Using the axiomatic-deductive method, he traced economic laws to individual human action, and demonstrated that just as the price of each consumer good is determined solely by subjective value, the rate of interest is determined solely by time preference. The rental price of each producer good is imputed to it by entrepreneurial demand and is equal to its discounted marginal value product. The capital value of each durable good is equal to the discounted value of its future rents. Fetter showed how this uniform, subjective theory of value implies the demise of socialist theories of labor exploitation, Ricardian theories of rent, and productivity theories of interest.

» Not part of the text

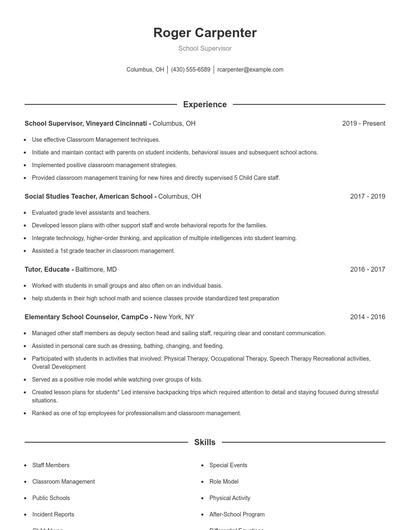 School Supervisor Resume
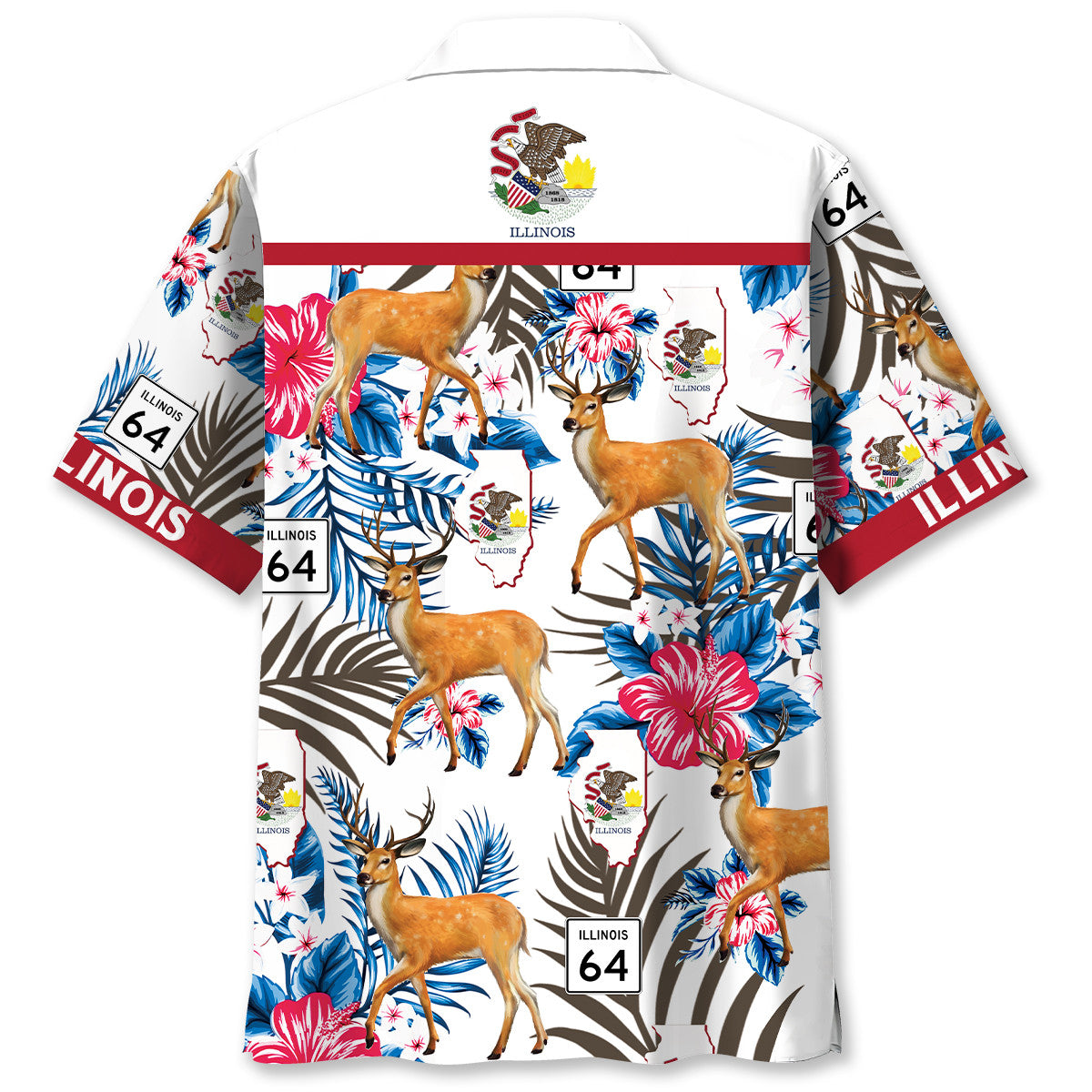 Illinois Proud Midwest Hawaiian Shirt Artwork Detail For Tropical Trips And Casual Outings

Building on his Austrian theory of capital, money, interest, and entrepreneurship, Fetter even developed a rudimentary theory of the trade cycle, arguing that the boom period is characterized by the artificial swelling of capital values as money and credit expand. The crisis follows when the inflation ceases which causes the mistaken capital values of the boom to suddenly correct downward and, in turn, results in the bankruptcy, unemployment, and retrenchment of the depression.
His work on capital and interest has yet to be surpassed or even fully appreciated, even by Austrians; much more than a correction of Eugen von Böhm-Bawerk’s lapse into a productivity theory of interest, it is the foundation for all work on capitalization and the definitive refutation of the claim that productivity has any role in determining the interest rate.